Meditasyonun hem zihnimize, hem bedenimize hem de ruhsal bilincimize katkısı bilim adamlarınca kanıtlanmış durumda..
1- Bedeni ve zihni dengeler. Sinir sistemini sakinleştirir ve gevşetir. Stresle başa çıkmayı kolaylaşır.

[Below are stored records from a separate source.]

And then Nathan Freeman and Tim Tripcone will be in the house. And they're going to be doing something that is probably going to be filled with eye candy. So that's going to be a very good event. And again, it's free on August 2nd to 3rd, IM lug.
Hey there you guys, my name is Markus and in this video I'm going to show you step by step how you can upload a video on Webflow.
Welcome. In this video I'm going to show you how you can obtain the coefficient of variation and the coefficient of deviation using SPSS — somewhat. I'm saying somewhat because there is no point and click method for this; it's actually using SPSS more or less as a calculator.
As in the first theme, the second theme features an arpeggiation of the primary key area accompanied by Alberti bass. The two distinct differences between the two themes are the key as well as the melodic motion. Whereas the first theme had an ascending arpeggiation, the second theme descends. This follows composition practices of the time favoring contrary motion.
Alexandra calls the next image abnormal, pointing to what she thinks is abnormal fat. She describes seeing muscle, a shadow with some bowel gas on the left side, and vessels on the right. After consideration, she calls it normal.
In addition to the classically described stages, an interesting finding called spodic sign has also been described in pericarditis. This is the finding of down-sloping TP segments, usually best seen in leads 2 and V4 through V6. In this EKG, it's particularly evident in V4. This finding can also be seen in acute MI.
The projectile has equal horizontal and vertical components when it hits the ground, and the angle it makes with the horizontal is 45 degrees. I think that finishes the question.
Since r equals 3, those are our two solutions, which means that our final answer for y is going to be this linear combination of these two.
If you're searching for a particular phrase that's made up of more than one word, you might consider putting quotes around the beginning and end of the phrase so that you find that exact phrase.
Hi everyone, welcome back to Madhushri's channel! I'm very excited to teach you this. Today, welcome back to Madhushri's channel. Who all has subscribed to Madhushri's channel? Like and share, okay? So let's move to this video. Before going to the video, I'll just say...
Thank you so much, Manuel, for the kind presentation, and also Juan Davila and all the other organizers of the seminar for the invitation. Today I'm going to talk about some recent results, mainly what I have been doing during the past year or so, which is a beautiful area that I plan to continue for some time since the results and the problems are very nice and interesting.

2- Zihni yanlış ve zararlı düşünce ve duygu alışkanlıklarından temizler.
3- Düşünce ve duygularımızı kontrol etmeyi sağlayarak ,sakin ve yararlı davranışlar ön plana geçer.

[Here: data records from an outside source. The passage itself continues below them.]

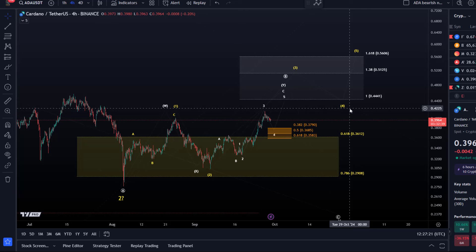Hello and welcome to another update video about ADA. ADA is still in this pullback — we talked about that yesterday. I took a look at the daily chart yesterday as well, so you might want to check it out if you're interested in the bigger picture. If you're new to the channel, you might find that useful.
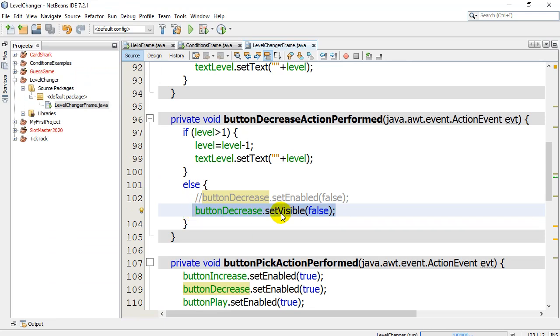Anyways, that's level changer with the set enabled command. Nice, easy command for you to start using.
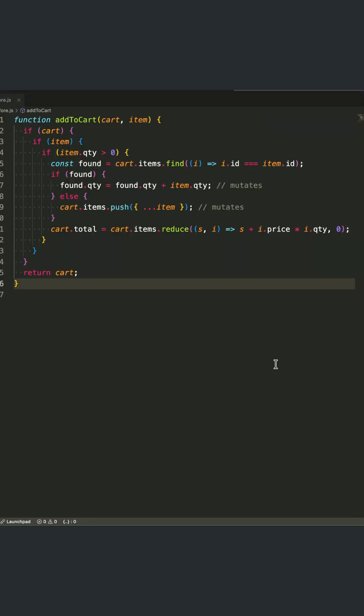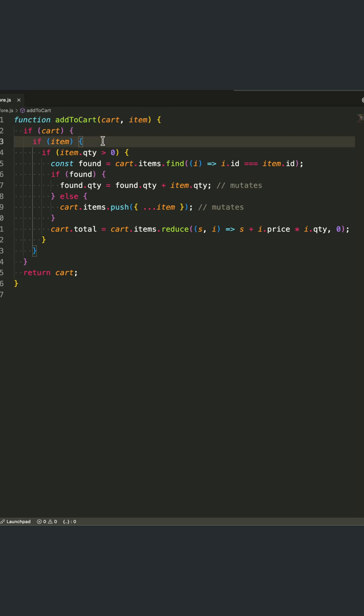Let me show you how to transform messy, nested JavaScript into clean, readable code. We'll take this add-to-cart function from a tangled mess of if statements to something much more maintainable.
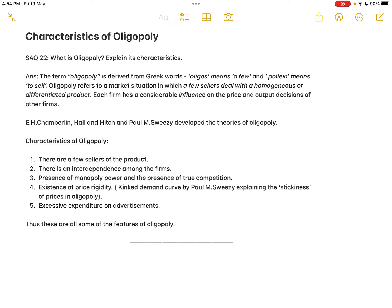Third characteristic: presence of monopoly power alongside true competition. Even though sellers' decisions depend on others, each firm has its own monopoly power. For example, some customers use only Jio, others only Airtel. Each firm still has its own monopoly power and can make its own price and output decisions. Unlike perfect competition, oligopolists are not price takers — they can still fix the price or output themselves.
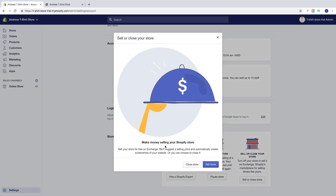You can make money by selling your Shopify store — if you have a store that somebody wants to buy, you can do a sell. Sell your store for free on Exchange. It suggests a selling price and automatically creates screenshots of your website. Or you can choose to close it.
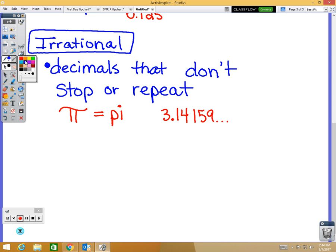There are other decimal numbers that don't stop and don't repeat. You're looking for the dot dot dot, but don't just say 'if I see dot dot dot it's irrational,' because we also use that for repeating decimals. If you see a decimal and you don't know what's coming next, then it's irrational. If someone is acting irrational, they're acting unpredictably — you don't know what they're going to do next, just like these decimals.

4- Öfke, acı,hayalkırıklığı, çaresizlik gibi duygularla başa çıkmamıza yardımcı olur.
5- Duygusal ve ruhsal yaşamımız düzene girer.
6- Sabırsızlık, anlayışsızlık ve hoşgörüsüzlük ortadan kalkar.

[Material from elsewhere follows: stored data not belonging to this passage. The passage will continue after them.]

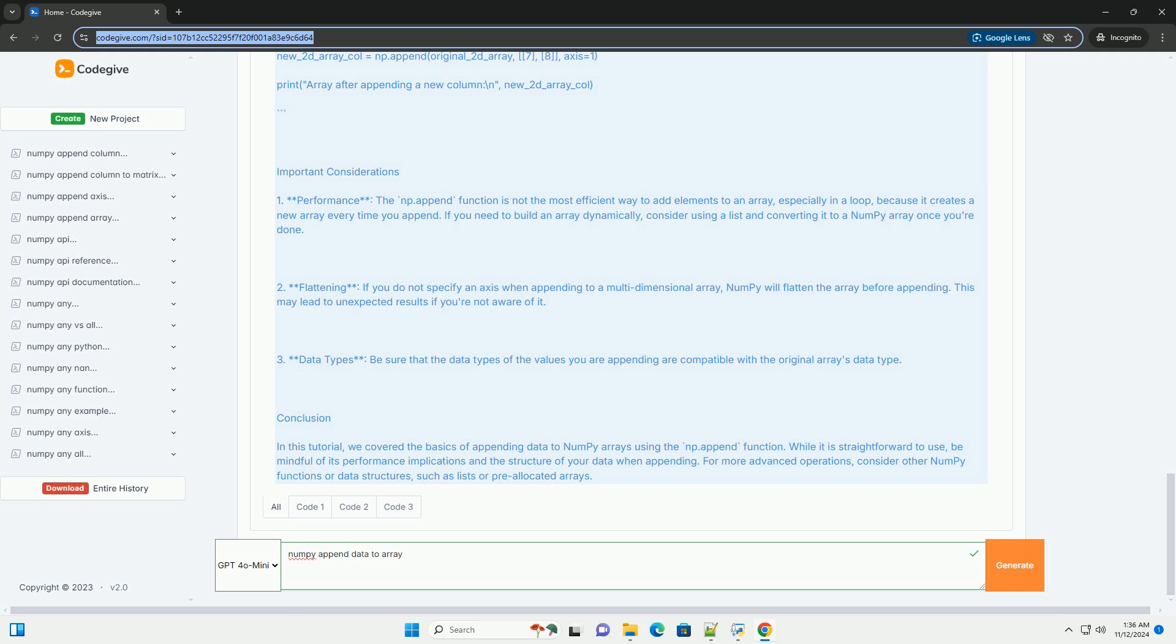For more advanced operations, consider other NumPy functions or data structures, such as lists or pre-allocated arrays.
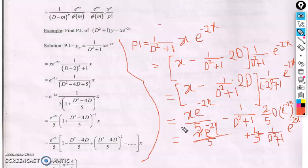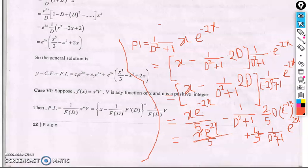In the next class we will discuss the last rule, known as the general rule. Also, as a continuation of this lecture, note the last case: when the power of x is not one but x^n, you can use the extended formula — x^n times [x − (1/f(D))·f'(D)]^n times 1/f(D) of v. Happy learning and wait for the next lecture. Thank you.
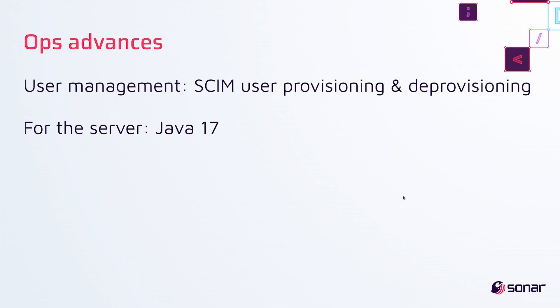And finally, now you can run the server with Java 17, which is the Java LTS. And that's all I've got for you today. Thanks for listening.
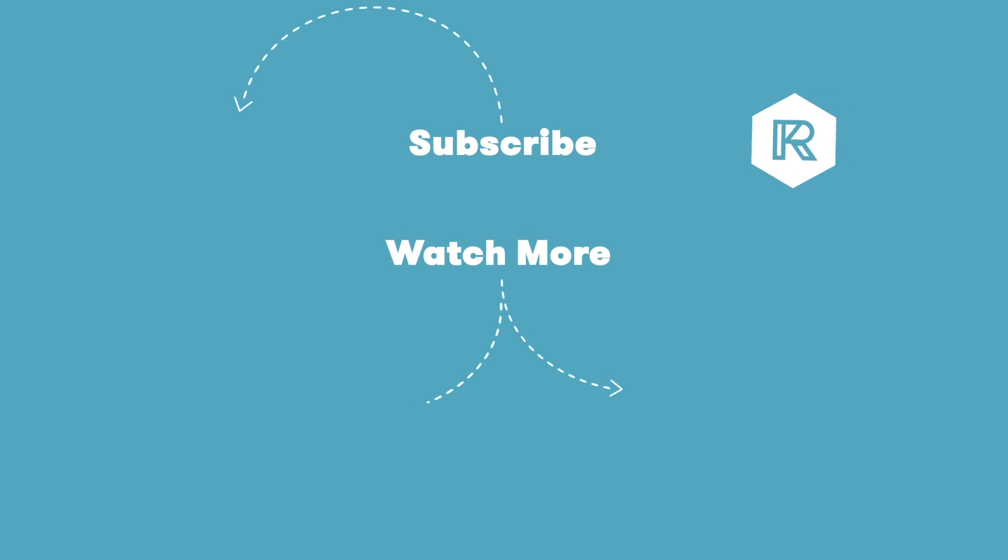So that's basically it for this animation. It was only about four to five layers in one simple mask. I hope you guys enjoyed it. I hope you guys felt inspired by it. Go out and use it. Thank you for watching. Subscribe, leave a thumbs up. We'll see you guys later. Bye.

7- Zihniniz size karşı değil sizin için çalışmaya başlar.
8 – Kalp basıncınız ve kalp atışlarınızı düzenler. Yaşam enerjiniz çoğalır. Sizi canlı,huzurlu ve üretken kılar.
9- İç huzuru verir. İç dünyanızı keşfetmeye başlarsınız.
10-Daha az ama daha kaliteli uykuyla daha sağlıklı hissetmemizi ve yaşamamızı sağlar.
11-Tepkisel değil etkin olmaya başlarız.
12-Kendimize ve başkalarına karşı doğru davranış alışkanlıkları geliştirirsiniz.
13-Kendinizin ve yaşamın efendisi olmayı öğrenirsiniz.
14-Daha doyumlu, mutlu ve bilge bir hayat sürmeyi öğreniriz.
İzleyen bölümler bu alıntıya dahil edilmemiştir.